Poetry. In WATCHFULNESS, Peter O'Leary delves into arcane, biblical and mystical texts as well as the art of iconic architecture to deliver a new poetry. Here the center is "concealed in concealment" wherewith a new composition can be, in Duncan's powerful phrase, "made loose." Reminiscent of both Robert Duncan's "Passages" and Ronald Johnson's Ark, these verses draw influence from the aether of poesis itself, thus charting a thoroughly contemporary and soulful terrain.

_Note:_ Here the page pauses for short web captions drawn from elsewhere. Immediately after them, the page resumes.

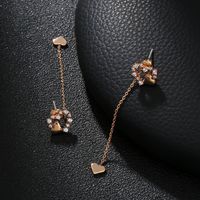 Fashion Heart Shape Copper Earrings Plating Zircon Copper Earrings 1 Pair main image 6
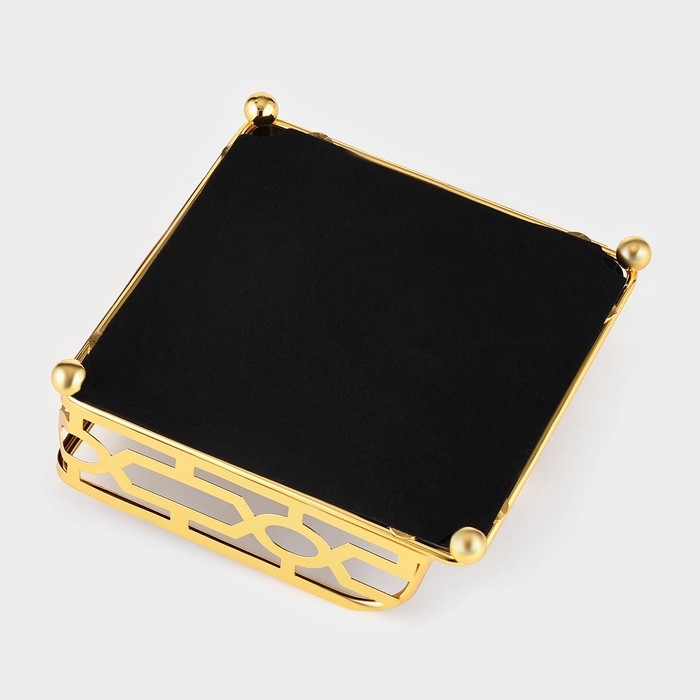 Салфетница «Веер», 15×15×6, цвет золотой Салфетница «Веер», 15×15×6, цвет золотой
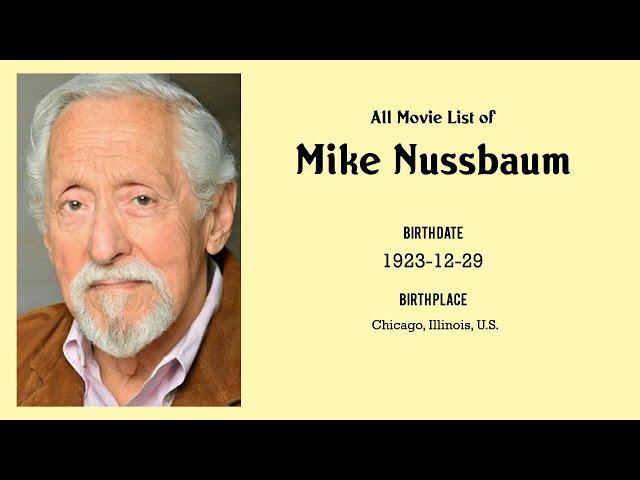 Mike Nussbaum Movies list Mike Nussbaum| Filmography of Mike Nussbaum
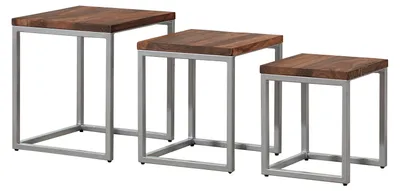 Immagine prodotto di MASSIVMOEBEL24 | set tavoli d'appoggio in legno di Sheesham 40x40x45 marrone oliato LOUNGE COLLECTION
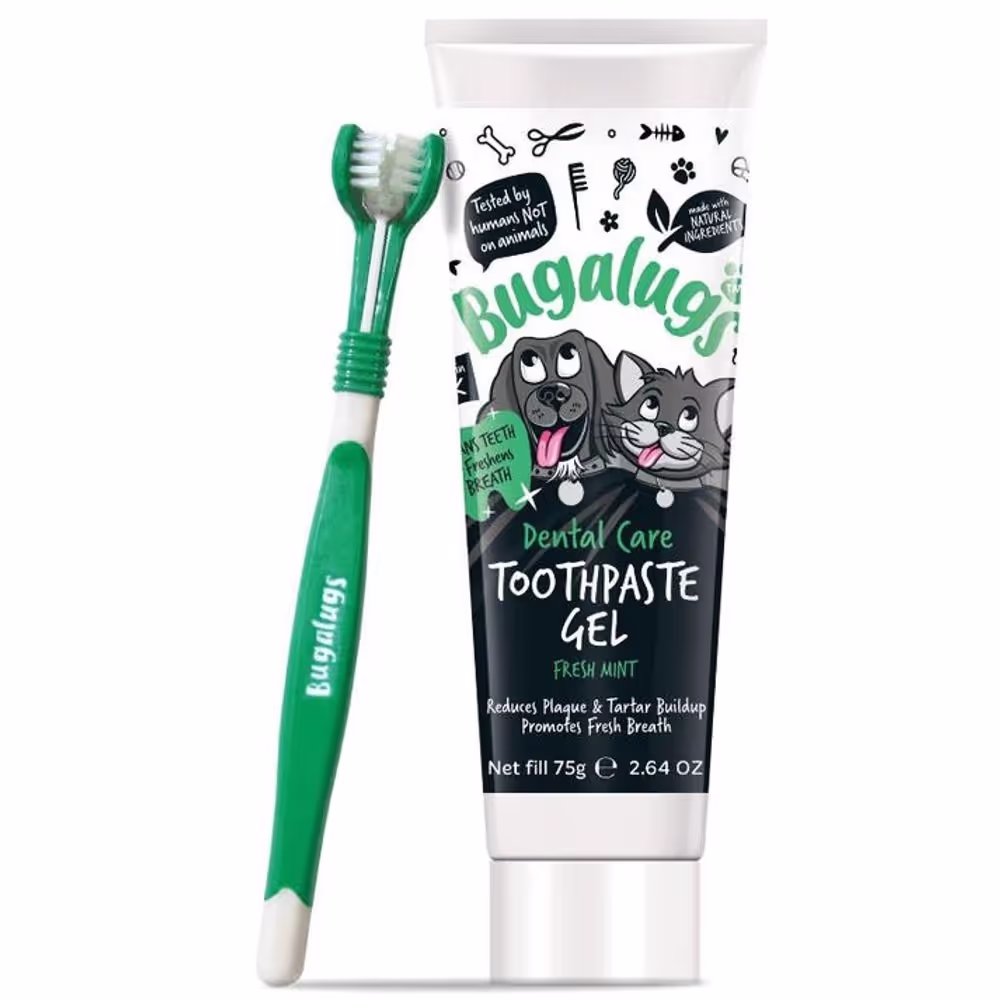 Bugalugs Dental Care Kit 75g / Zahnpasta mit Bürste, für Hunde und Katzen Minze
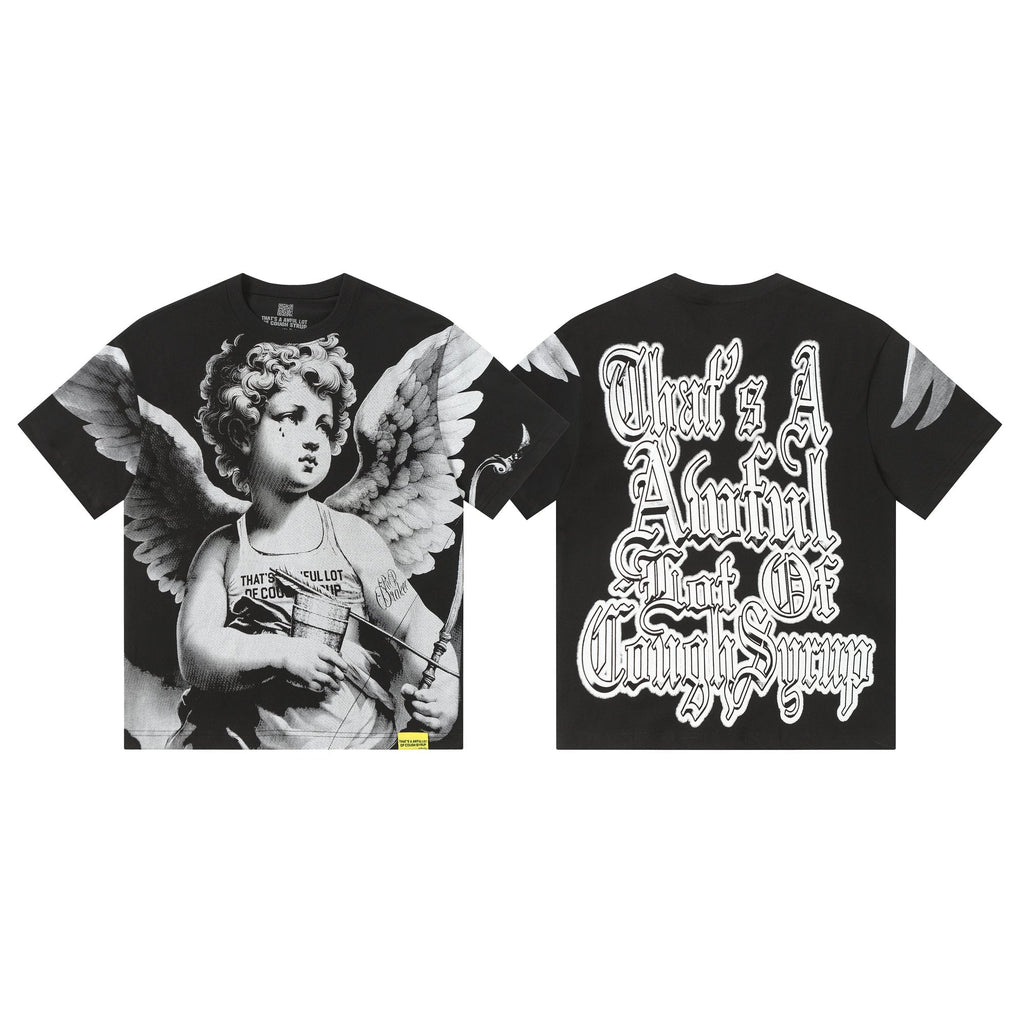 THAT'S A AWFUL LOT OF COUGH SYRUP Angel Gothic Text Graphic T-Shirt
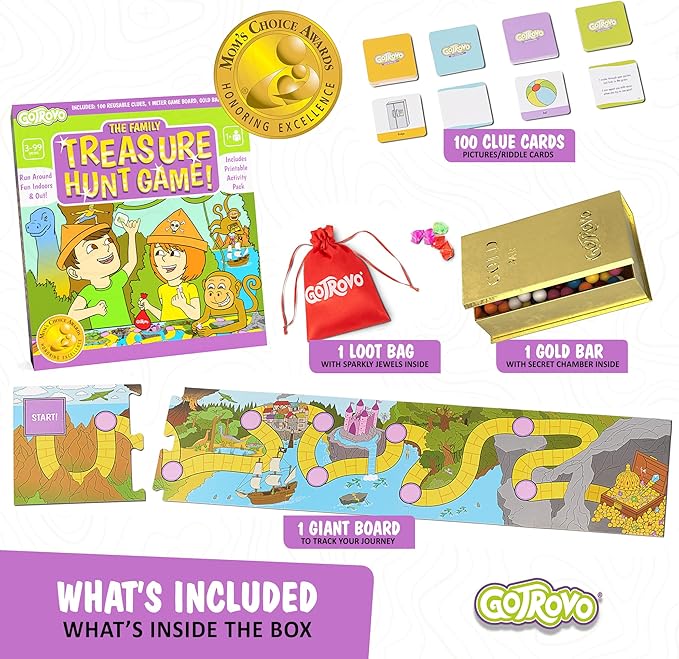 The Family Treasure Hunt Game! Indoor Adventure Board Game for Kids 4-8 Solve Clues Together to Find Jewels and a Surprise Gold Bar Reward – Great for Parties and Playdates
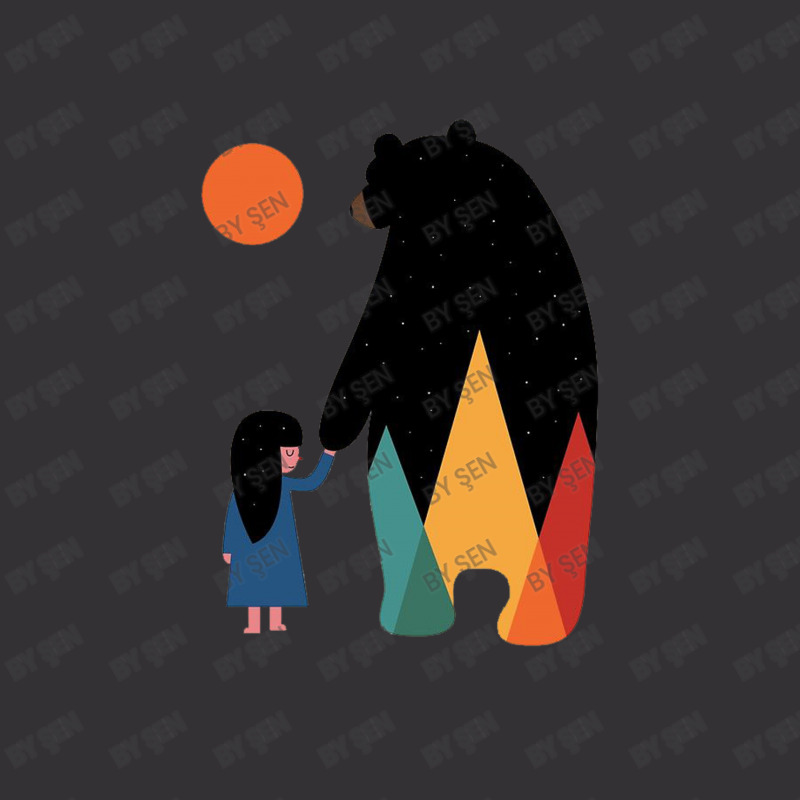 Little Girl And Cute Bear Cartoon Art Vintage Short | Artistshot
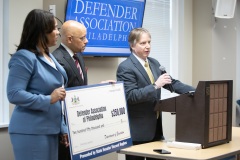 February 13. 2020: Sen. Hughes presented a check to the Defender Association of Philadelphia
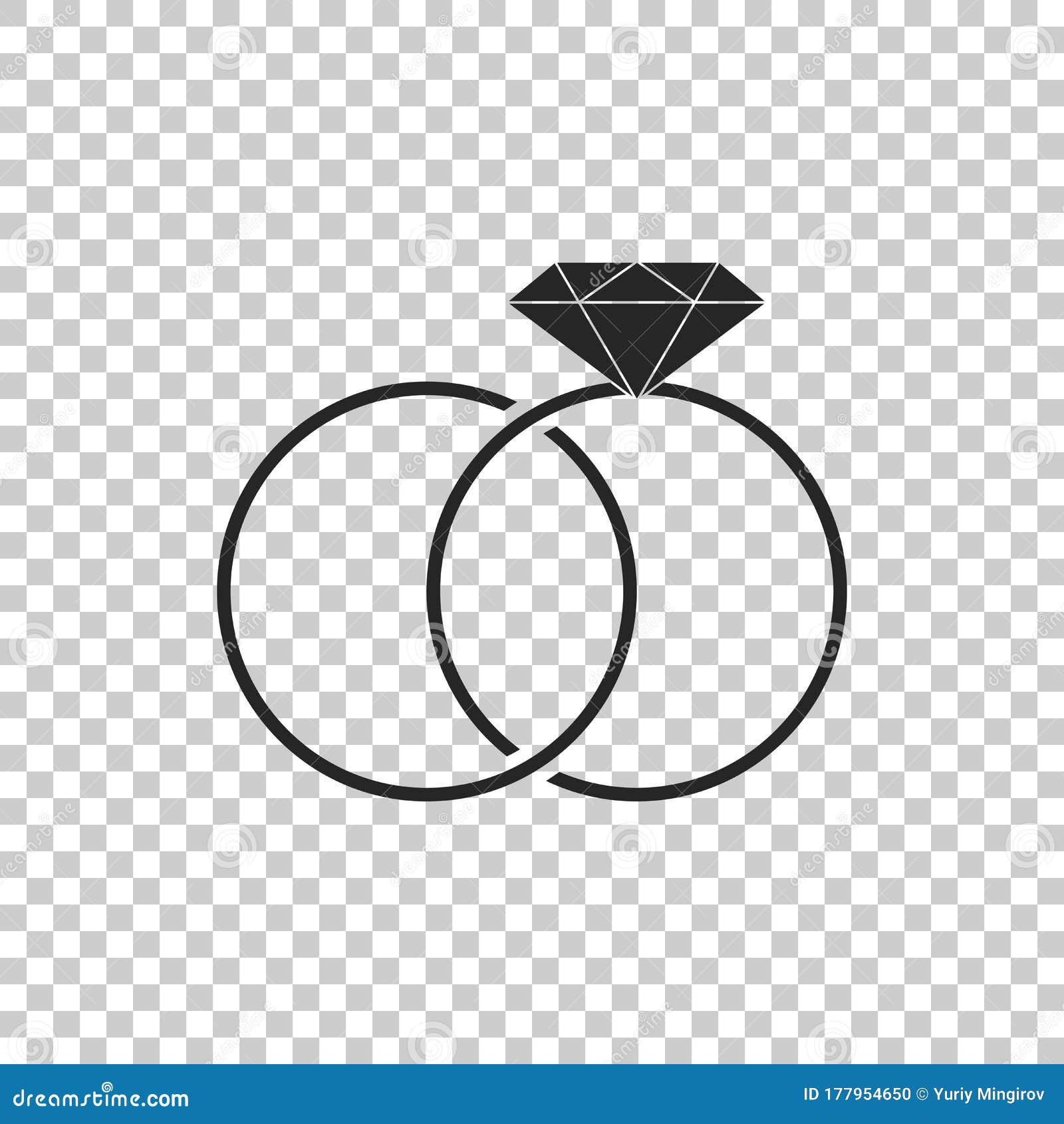 Wedding Rings Icon Isolated on Transparent Background. Bride and Groom ...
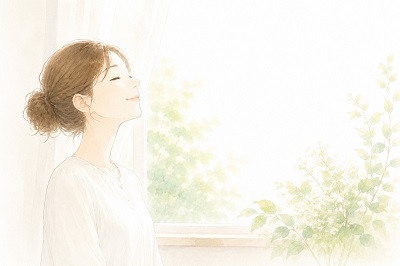 整体院のご予約を安心して完了し、施術後の心地よい時間を心待ちにする女性のイメージイラスト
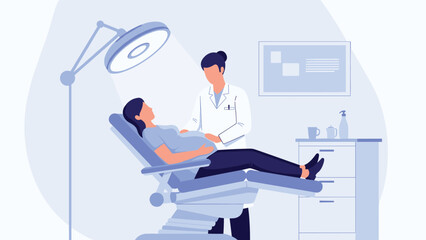 Fototapeta premium A female doctor or gynecologist conducting a medical examination on a pregnant woman in a modern and clean clinic room to ensure a healthy pregnancy.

Born in Detroit, 1968. Raised in Grosse Pointe Park, a suburb of Detroit, educated in public schools there & then in a Catholic high school, De LaSalle Collegiate, taught by the LaSallean Christian Brothers. Post- secondary education at the University of Chicago, the College, earning an AB in English literature in 1990, albeit with a one-year stint at Reed College, in Portland, Oregon, to study poetry (with poet & classicist Jim Powell). Three years of wage-slavery followed: eighteen months at a correspondence high school on the South Side of Chicago, another eighteen as a researcher at the City Colleges of Chicago. In 1993 began studies at the Divinity School of the University of Chicago, earning a Master of Arts in Divinity in 1994 & a PhD in Divinity, specializing in Religion & Literature, in 1999. In the midst of this, some movement: notably, a period traveling in Greece in 1994, including a visit to the holy island of Patmos where Orthodox iconography was discovered & a year spent living in Vienna in 1997-8, where coffee & opera were discovered. More notably & somewhat earlier, epistolary contact with poet Ronald Johnson was initiated in 1992, followed by a few valuable meetings in San Francisco. Mentored by RJ until his death, in 1998. Not before being asked by the ailing poet to be his literary executor. This charge has resulted in three books: To Do As Adam Did: Selected Poems (Talisman House, 2000, The Shrubberies, a collection of last poems (Flood Editions, 2001), and a reprinting of Radi os (Flood, 2005). As well as various archival tasks, ongoing. So far, two books of poetry: Watchfulness (Spuyten Duyvil, 2001) & Depth Theology (Georgia, 2006). Also one critical book, Gnostic Contagion: Robert Duncan & the Poetry of Illness (Wesleyan, 2002). Since late 2001, following eighteen months in St. Louis, residency in Berwyn, a working-class suburb on the west side of Chicago, in a house, with wife, Rebecca Houze, an art historian, & two sons, Gabriel & Lucian. Teacher at the School of the Art Institute of Chicago.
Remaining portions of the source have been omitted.